I came across The Gnostic Movement (TGM) through an Internet search for astral travel. I was about 19 and had felt the urge to discover what was going on ‘behind the veil’ of life for a few years; this had brought me in contact with various different schools of philosophical thought and spiritually-intentioned practice. I had tried yoga, Buddhist meditation, chanted along with the Hare Krishnas, been in contact with pagan groups and joined ‘spiritual healing’ courses. But nothing had quenched my appetite. When I heard about astral travel I was amazed and immediately set about trying to find people to teach me. It felt like a huge leap into the direction I had decided I needed to base my spiritual search: to have my own metaphysical experiences rather than depending on archaic teachings, religions, or new age schools, which very often seemed too obscure or limited in their scope. From my first contact with TGM I had a sense it was something different and special. The clarity, integrity and scope of the teachings set it apart.
It took me a long time to struggle free from the destructive forces that were at play in my early twenties to fully participate in the Gnostic school. I signed up to the courses online but it took me a few tries to complete them, getting ‘lost’ half way, but always feeling my conscience nagging me to go back and to go further. It was the very techniques I was learning in TGM that helped me overcome these destructive forces. Eventually I moved to be close to the first in-person study group that had opened in the UK. I started to attend weekly classes in a library. I was full of anticipation meeting other Gnostic students and teachers for the first time. The teachers left a good impression on me, but in general the group was in the first stages of setting up.

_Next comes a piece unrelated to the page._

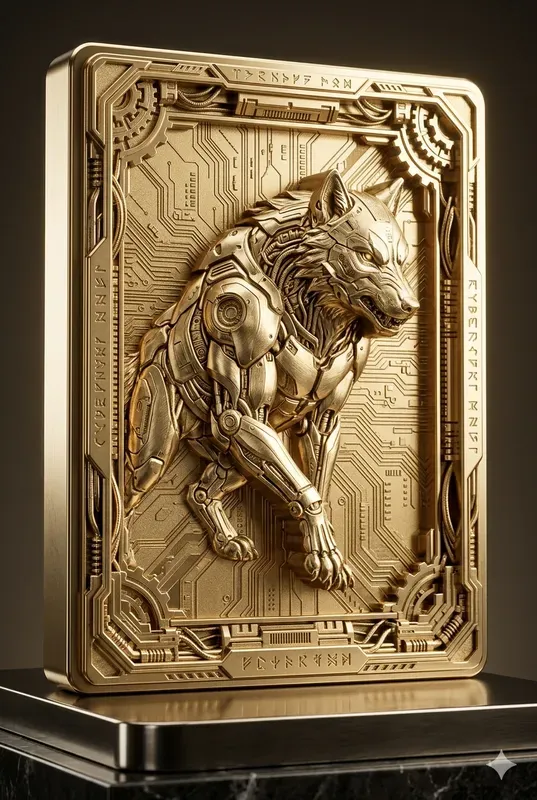 3D Relief Gold Metal Trading Card Art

I heard stories about the centres in Australia and how lively and full of activity they were – I felt like I had to go there to take the next step in my inner work.
By the time I had got to Australia I had completed the Gnostic Wisdom course, which really explained the crux of the Gnostic work and what it entails from a person to make happen. It became clearer to me that this school had something unique. The teachings felt alive, powerful and yet gentle (as in they were never forced upon me and I never felt I needed to believe or obey anything). That the Movement didn’t charge for any of its teachings inherently felt right to me – I had been quite sickened by the way spirituality is often merged with commerce. The emphasis on personal esoteric experience and internal understanding over blind dogma and devotion also rung a chord with me.

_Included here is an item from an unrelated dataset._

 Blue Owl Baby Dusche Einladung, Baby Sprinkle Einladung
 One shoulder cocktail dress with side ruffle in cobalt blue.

In the centres and retreats I attended in Australia I met a whole community of people I felt a huge affinity with and who were tangible examples of the way the inner Gnostic work can shape people into better human beings. The goodwill between everyone was apparent. The energies and atmospheres created from group meditations and the combined effect of many individuals striving for spiritual change were something new for me – I had never felt this in a group of people before, and had always longed for this interaction based on higher things. The practices I was taught helped me get in contact with new spiritual feelings and realities. I felt like what was asked of me to progress in the organisation was exactly what I genuinely wanted to cultivate within myself – honesty, love, generosity, compassion and a strong will to put towards helping humanity. All this combined to help me know for certain I had found a group I wholeheartedly trusted with my spiritual education and to shape my life. I am still incredibly grateful I found it and can’t imagine the sense of lack I would feel without it.

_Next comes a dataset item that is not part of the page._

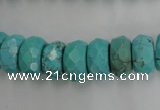 CWB451 15.5 inches 7*14mm faceted rondelle howlite turquoise beads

When I returned to the UK I joined the (now much more active) centre in London and when that closed down to relocate to Edinburgh, I relocated with it. During this time I started to learn more about the inner workings of the Movement and had reached the point of wanting to train to become a teacher. I started to become more involved with the running of the Edinburgh centre, helping to organise activities, willingly donating funds and giving more of my time to help spread the teachings. All of this came from my own impetus. My understanding of Mark Pritchard/Belzebuub as a spiritual teacher also developed quietly, gradually and naturally. As I read more of his work, heard him speak and listened to other people’s accounts of him and mostly, grew in appreciation for what the Gnostic Movement was, I naturally became more and more inquisitive about the head of the organisation. His guidance was always a massive source of inspiration and strength for myself and everyone who understood the worth of his teachings. The more I looked and inquired, the more I realised that the Gnostic Movement was a vehicle for a very divine teaching, and teacher.
It was just as I was beginning to imagine that I could reach the level needed to become a trainee and teacher that the Movement closed. I understand better now why that happened. I am regretful I didn’t make more out of the time it was around.
My experience with The Gnostic Movement was nothing short of life changing and immensely positive. It was a unique time in my life, which provided me with a very nourishing and nurturing environment to explore spirituality. Though it has gone, the teachings of Belzebuub continue to flourish and continue to guide and inspire – this was always the core of the Gnostic Movement.